In qualsiasi linea di produzione per imballaggi in PET, è il tunnel di riscaldamento a determinare i risultati finali. Se i preform non vengono riscaldati abbastanza, si ottengono bottiglie deboli e prodotti difettosi. Se invece vengono riscaldati troppo, si spreca materiale e si rischia di ottenere rapporti di stiramento instabili. Nella maggior parte dei casi, la causa principale è legata a un modulo IR che non è adatto alle esigenze specifiche della macchina: densità di potenza errata, risposta spettrale inadeguata, geometria di montaggio errata. Per compensare, bisogna ridurre la velocità di produzione.
Cosa conta davvero
Ogni modulo IR viene progettato apposta per soddisfare le esigenze specifiche di riscaldamento della vostra macchina, indipendentemente dal fatto che si tratti di Sidel, Krones, SIPA, Husky, SACMI o Nissei ASB. La scelta dell’emittente dipende dallo spessore delle pareti del preform e dal tempo di ciclo: si utilizzano emittenti a onde corte per una risposta rapida e un riscaldamento preciso, mentre per un riscaldamento più uniforme si preferiscono emittenti a onde medie. L’output è espresso in termini di wattaggio e tensione, così da mantenere invariati i parametri della fonte di alimentazione e del sistema di controllo. Inoltre, l’ingombro fisico del modulo è progettato per adattarsi perfettamente alle dimensioni della macchina: lunghezza dell’emittente, posizione dei terminali, spazi tra i bracci di supporto e dimensioni del tunnel. In questo modo è possibile sostituire il modulo senza dover intervenire sull’insieme dei riflettori.
I vantaggi concreti
I benefici si notano soprattutto in termini di tempo di funzionamento ottimale e riduzione dei rifiuti. Quando il modulo è perfettamente compatibile con il profilo di riscaldamento della macchina, la temperatura del preform rimane stabile lungo tutto il tunnel. Vengono ridotti i punti caldi e le zone non riscaldate uniformemente, mentre il rapporto di stiramento rimane costante. Ci sono meno intoppi durante la produzione e meno difetti nei prodotti finiti. Inoltre, si riduce il consumo energetico, poiché non è necessario riscaldare continuamente o esagerare con la temperatura. Poiché il modulo è progettato per adattarsi al ciclo di lavoro della macchina, gli intervalli di sostituzione si allungano, riducendo così i costi legati alle parti di ricambio e alla manutenzione.

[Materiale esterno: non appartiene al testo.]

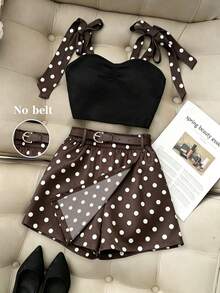 SHEIN Franclia 女款短版吊帶上衣與波點印花裙褲兩件套 - 咖啡棕 - 查看 5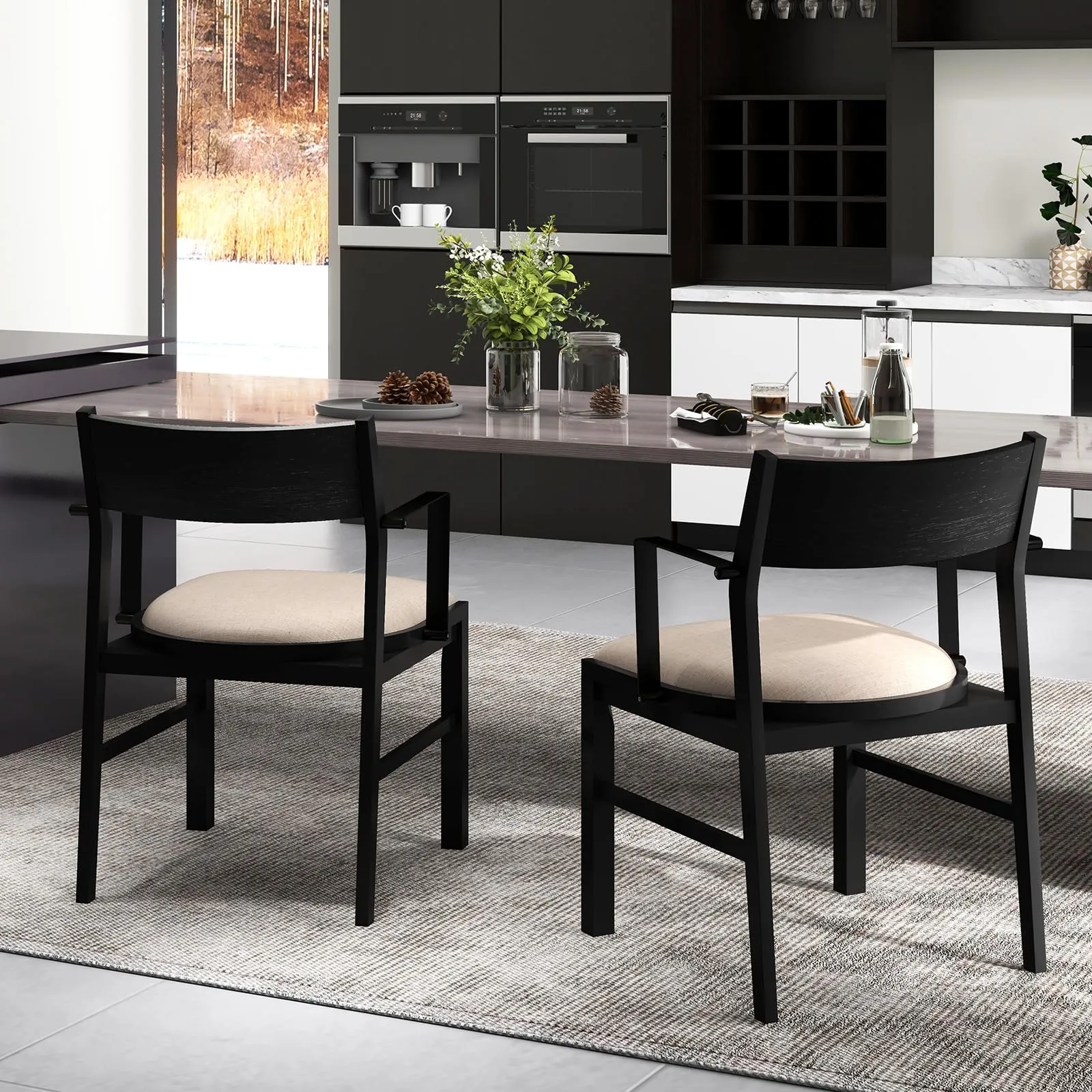 Dining Chairs Set of 2 or 4, Accent Armchairs with Padded Seat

Dettagli importanti per un funzionamento ottimale
L’installazione è semplice nella maggior parte delle macchine, ma sono i dettagli a fare la differenza. Adattare il connettore esistente è solo metà del lavoro: è necessario anche allineare il tipo di controllo (SCR, PID o on/off), la posizione dei termocupoli e le condizioni dei riflettori, per evitare variazioni di temperatura. Il rendimento del modulo IR dipende molto dalla pulizia dei riflettori e dalla corretta rotazione del preform. Riflettori sporchi o assi di rotazione mal allineati possono rovinare anche il migliore modulo. È quindi consigliabile effettuare la sostituzione durante una pausa programmata nella produzione, e verificare che il nuovo modulo sia compatibile con i parametri di qualità richiesti prima di riavviare la macchina.